Problem statement ▸ Reproduce the following entries verbatim, each one complete.

Brief descriptive captions
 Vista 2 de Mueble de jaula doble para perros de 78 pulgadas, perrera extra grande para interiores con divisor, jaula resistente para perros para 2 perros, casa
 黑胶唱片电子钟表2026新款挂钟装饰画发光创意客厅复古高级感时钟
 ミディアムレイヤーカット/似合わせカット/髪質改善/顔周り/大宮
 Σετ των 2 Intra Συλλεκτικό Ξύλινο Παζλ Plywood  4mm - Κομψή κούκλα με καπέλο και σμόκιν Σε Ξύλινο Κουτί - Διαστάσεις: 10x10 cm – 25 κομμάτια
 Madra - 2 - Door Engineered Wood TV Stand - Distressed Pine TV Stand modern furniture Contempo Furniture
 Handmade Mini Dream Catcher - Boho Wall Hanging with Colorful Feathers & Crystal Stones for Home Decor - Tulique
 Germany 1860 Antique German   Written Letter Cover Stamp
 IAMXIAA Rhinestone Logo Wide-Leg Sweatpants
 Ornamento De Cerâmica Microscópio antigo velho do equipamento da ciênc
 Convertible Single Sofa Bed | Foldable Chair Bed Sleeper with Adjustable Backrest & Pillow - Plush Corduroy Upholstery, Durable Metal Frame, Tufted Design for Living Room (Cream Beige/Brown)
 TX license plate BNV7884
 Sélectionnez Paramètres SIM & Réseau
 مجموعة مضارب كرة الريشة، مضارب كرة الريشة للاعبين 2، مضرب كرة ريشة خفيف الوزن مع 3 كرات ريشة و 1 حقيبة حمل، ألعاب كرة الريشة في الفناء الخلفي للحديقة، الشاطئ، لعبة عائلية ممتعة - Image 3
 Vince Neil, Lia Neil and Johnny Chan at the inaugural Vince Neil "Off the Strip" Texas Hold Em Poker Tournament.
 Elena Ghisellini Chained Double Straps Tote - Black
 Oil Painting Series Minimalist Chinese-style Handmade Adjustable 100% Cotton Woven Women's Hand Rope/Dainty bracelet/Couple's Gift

Response area ▸
 Vista 2 de Mueble de jaula doble para perros de 78 pulgadas, perrera extra grande para interiores con divisor, jaula resistente para perros para 2 perros, casa
 黑胶唱片电子钟表2026新款挂钟装饰画发光创意客厅复古高级感时钟
 ミディアムレイヤーカット/似合わせカット/髪質改善/顔周り/大宮
 Σετ των 2 Intra Συλλεκτικό Ξύλινο Παζλ Plywood  4mm - Κομψή κούκλα με καπέλο και σμόκιν Σε Ξύλινο Κουτί - Διαστάσεις: 10x10 cm – 25 κομμάτια
 Madra - 2 - Door Engineered Wood TV Stand - Distressed Pine TV Stand modern furniture Contempo Furniture
 Handmade Mini Dream Catcher - Boho Wall Hanging with Colorful Feathers & Crystal Stones for Home Decor - Tulique
 Germany 1860 Antique German   Written Letter Cover Stamp
 IAMXIAA Rhinestone Logo Wide-Leg Sweatpants
 Ornamento De Cerâmica Microscópio antigo velho do equipamento da ciênc
 Convertible Single Sofa Bed | Foldable Chair Bed Sleeper with Adjustable Backrest & Pillow - Plush Corduroy Upholstery, Durable Metal Frame, Tufted Design for Living Room (Cream Beige/Brown)
 TX license plate BNV7884
 Sélectionnez Paramètres SIM & Réseau
 مجموعة مضارب كرة الريشة، مضارب كرة الريشة للاعبين 2، مضرب كرة ريشة خفيف الوزن مع 3 كرات ريشة و 1 حقيبة حمل، ألعاب كرة الريشة في الفناء الخلفي للحديقة، الشاطئ، لعبة عائلية ممتعة - Image 3
 Vince Neil, Lia Neil and Johnny Chan at the inaugural Vince Neil "Off the Strip" Texas Hold Em Poker Tournament.
 Elena Ghisellini Chained Double Straps Tote - Black
 Oil Painting Series Minimalist Chinese-style Handmade Adjustable 100% Cotton Woven Women's Hand Rope/Dainty bracelet/Couple's Gift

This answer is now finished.